Guest Commentary

Sens. Roy Blunt and Josh Hawley: Help pass the For the People Act

Evelyn Maddox, state president of the League of Women Voters of Missouri
Evelyn Maddox, state president of the League of Women Voters of Missouri

In March, the U.S. House of Representatives passed the For the People Act of 2019. This legislation would reform three areas that are vitally important to sustaining our democracy: voting, campaign finance and ethics. But the Senate hasn’t yet held a hearing on it — so it will take grassroots advocacy by voters to get these election reforms heard there. And Missourians need action from our senators.

The right to vote is a critical principle of our democracy, and accessibility to voting is just as critical. The For the People Act would restore important provisions of the Voting Rights Act, which had ensured minority voting rights until the 2013 Shelby v. Holder Supreme Court decision. The act would also:

▪  Make voter registration and voting easier with automatic registration and early voting systems.

▪  Fund modernization of states’ election methods and election security.

▪  Prevent partisan gerrymandering when states draw legislative districts.

▪  Regulate campaign finance, including banning foreign donations and demanding transparency in all types of campaign spending.

▪  Define ethical standards for government service and lobbying.

According to a Northern Illinois University study released last year, Missouri ranks 29th in the nation when it comes to how easy it is for voters to cast a ballot. Single-day elections and stringent absentee balloting requirements are major factors.

Missouri state Rep. Peter Merideth introduced House Bill 992 to allow no-excuse absentee ballots and early voting, but the General Assembly declined to hold a hearing on it. The For the People Act would require Missouri and all other states to institute a 15-day early voting period, automatic voter registration and same-day voter registration for federal elections.
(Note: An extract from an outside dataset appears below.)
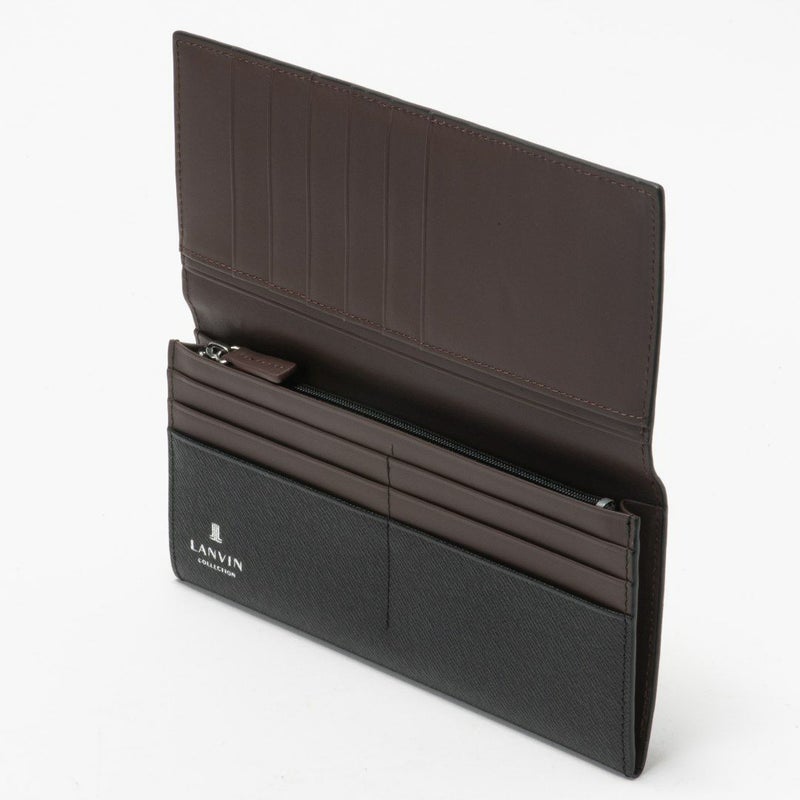 LANVIN COLLECTION couleur du vin かぶせ型長財布 ブラック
Early voting would help voters whose work schedules, caregiving concerns or transportation difficulties make it hard to vote between 6 a.m. and 7 p.m. at polling places near their homes. Currently, staffing numerous voting sites, along with a crush of same-day election processing, is difficult for local election authorities. It also makes our state more vulnerable to cyber-attacks.

Some states have discouraged minority voters by moving and closing poll sites. Others have purged legally-registered voters by the thousands. Partisan gerrymandering is routinely used to predetermine election outcomes in congressional districts. Unsubstantiated claims of voter fraud have been unjustly alleged to support what the League of Women Voters considers voter suppression in many parts of the country.

Our state has had its share of voting issues. Last fall, a judge ruled that Missouri must take immediate steps to prevent residents from being denied their right to vote as a result of the state’s failure to comply fully with the National Voter Registration Act. Cole County Judge Richard Callahan also ruled that state officials could no longer spread materials that say a state-issued photo ID card is required to vote. His ruling additionally said that state authorities can no longer require people with other acceptable forms of identification to sign a sworn statement before voting.

Our nation is plagued with big money controlling campaigns and election outcomes. Unethical public servants and conflicts of interest threaten the good of the public. The For the People Act addresses all these conditions that endanger our democracy.

The League of Women Voters has actively defended democracy by educating and empowering voters on a nonpartisan basis for 100 years. We call upon all Missouri voters to ask Sens. Roy Blunt and Josh Hawley to request a Senate hearing on the For the People Act. At the very least, the Senate should hold a hearing to consider these election reforms. Every U.S. citizen deserves access to voting in fair and secure elections.

Evelyn Maddox is state president of the League of Women Voters of Missouri.